Solve underdetermined, highly multicollinear, poorly scaled, but sparse in Fourier domain, system to high accuracy

49 Views Asked by At

I wish to solve systems of the form $$ \mathbf{y} = \mathbf{A}\mathbf{x} $$ for $\mathbf{x}$, where $\mathbf{y} \in \mathbb{R}^n$ is known, $\mathbf{A} \in \mathbb{R}^{n\times m}$ is known, $\mathbf{x} \in \mathbb{R}^m$ is unknown, and $n \lt m$ (underdetermined). An example of what a small version of $\mathbf{A}$ looks like is $$ \begin{bmatrix}1&1&0&0\\0&0&1&1\end{bmatrix}.$$ There is thus perfect multicollinearity among many of the variables. Each column will only contain one nonzero value (with value 1), but each row can contain multiple nonzero values. You can think of it as having the effect of summing groups of components of $\mathbf{x}$, and I want to undo that summation. The components of $\mathbf{x}$ can differ from each other by several orders of magnitude. It is possible that the magnitude of $x_0$ is 1000 times that of $x_1$, but we see that our only measurement involving these values is their sum in the first equation of my example $\mathbf{A}$ above. $m$ and $n$ are typically a few million, with $m$ often around $2n$ (but sometimes more). Furthermore, I need to solve this to pretty high accuracy, so I need to approximately recover that $x_1$ even though it was small compared to $x_0$.

This is obviously impossible as it stands, but the potential saviour is that $$ ||\mathbf{B}\left(\mathbf{x^*}\right)||_0 \lt ||\mathbf{B}\left(\mathbf{\tilde{x}}\right)||_0, $$ where $\mathbf{B}(\mathbf{x})$ is an operator that reshapes $\mathbf{x}$ into a tensor and applies a multidimensional Fourier transform to it, $\mathbf{x^*}$ is the true solution, and $\mathbf{\tilde{x}}$ is any solution to the system (my first equation) other than the true solution. In other words, the true solution is the solution to the system with minimum L1 norm in this transformed domain.

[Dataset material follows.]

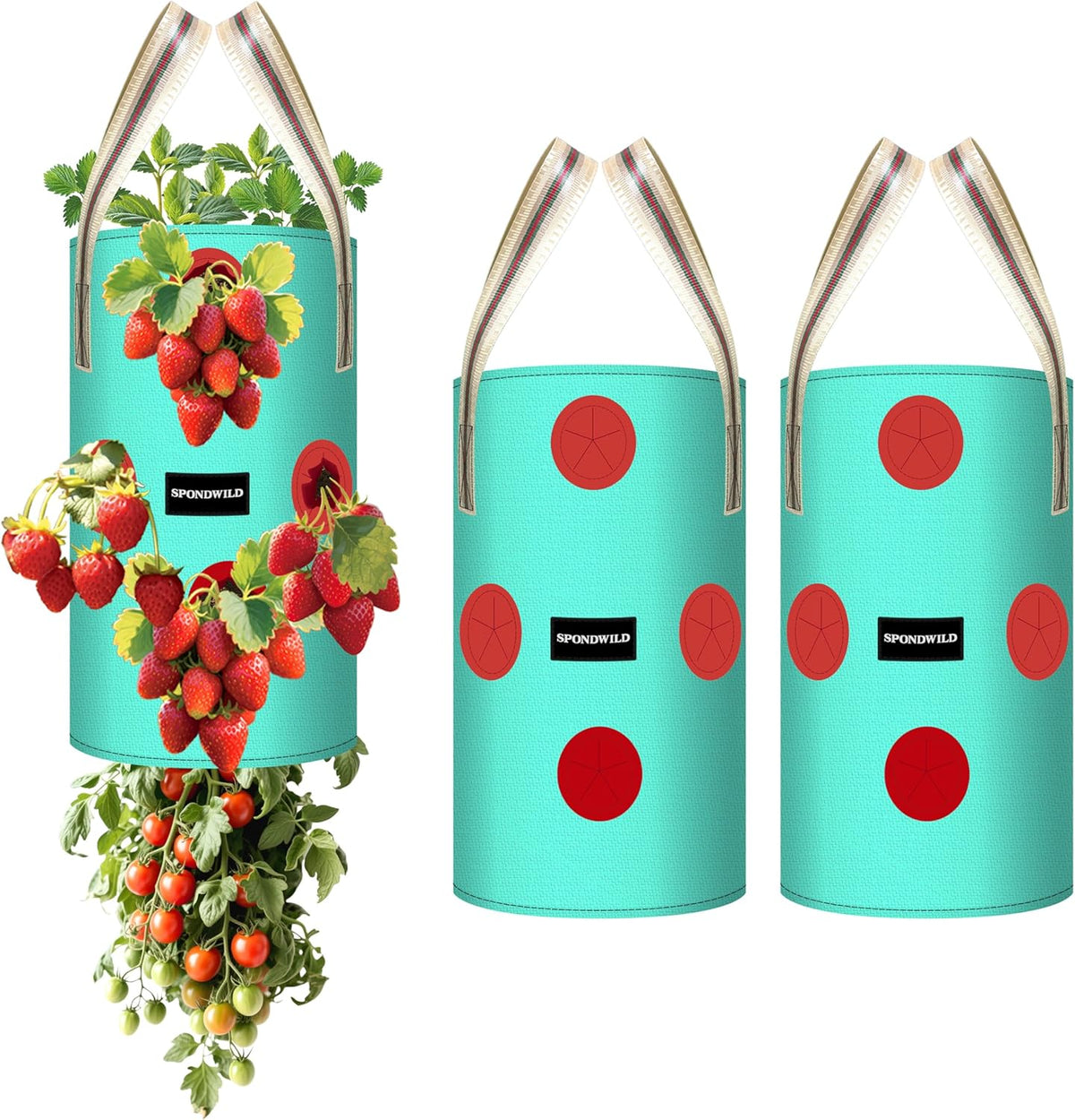 3 Pack Hanging Strawberry Planter Bags, 3 Gallon Hanging Grow Bags with Bottom Planting Hole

I also expect many elements of $\mathbf{B}\left(\mathbf{x^*}\right)$ to have negligible amplitude (so negligible that they can be ignored even for recovering $x_1$).

The obvious way to solve this then seems to be to hope that the L0 norm above can be replaced with an L1 norm and use a LASSO method such as ISTA (iterative shrinkage and thresholding algorithm) to minimize $$ ||\mathbf{y} - \mathbf{A}\mathbf{x}||_2^2 + \lambda ||\mathbf{B}\left(\mathbf{x}\right)||_1 $$

(or, equivalently, minimize $||\mathbf{y} - \mathbf{A}\mathbf{B^{-1}}\left(\mathbf{\bar{x}}\right)||_2^2 + \lambda ||\mathbf{\bar{x}}||_1$ with respect to $\mathbf{\bar{x}}$, where $\mathbf{\bar{x}} = \mathbf{B}\left(\mathbf{x}\right)$.)

The results are not as accurate as I need, however. I suspect that this is due to the L1 norm not being an accurate replacement for L0 in my situation, and it might additionally be caused by the bias introduced by the method, or maybe due to the fact that LASSO apparently doesn't cope well with multicollinearity. Iterative hard thresholding (which attempts to minimize L0 rather than L1; it starts with a large threshold, sets everything below the threshold to zero, decreases the threshold, uses previous result as warm start, repeat) also does not always yield satisfactory results, possibly due to its apparently high variance.

Another possibility that I have considered is to exploit the fact that we expect $\mathbf{\bar{x}}$ to be somewhat "clumped", with high amplitude magnitudes ($\mathbf{\bar{x}}$ is complex) generally occurring in clusters. I might be able to roughly estimate the reciprocals of these magnitudes as a tensor $\mathbf{M}$ and could then minimize $$ ||\mathbf{y} - \mathbf{A}\mathbf{B^{-1}}\left(\mathbf{\bar{x}}\right)||_2^2 + \lambda_1 ||\mathbf{\bar{x}}||_1 + \lambda_2 ||\mathbf{M} \odot \mathbf{\bar{x}}||_2^2, $$ where $\odot$ is pointwise multiplication. This has the effect of scaling $\mathbf{\bar{x}}$ in the final term so that each component has a standard deviation close(r) to 1. The potential benefit of this would be to make it possible to use Elastic Net without severely underestimating all of the high amplitude components (which would happen without $\mathbf{M}$). Since I don't care about whether the small values get set to exactly zero, I could even drop the L1 term and just use ridge regression. The accuracy of this will depend on how accurately I can estimate $\mathbf{M}$, though, which isn't ideal.

Are there alternative methods that are more suitable for this type of problem? Non-negative garrotte and principal component regression sound like they might be relevant. Given the size of the problem, computational cost is a consideration.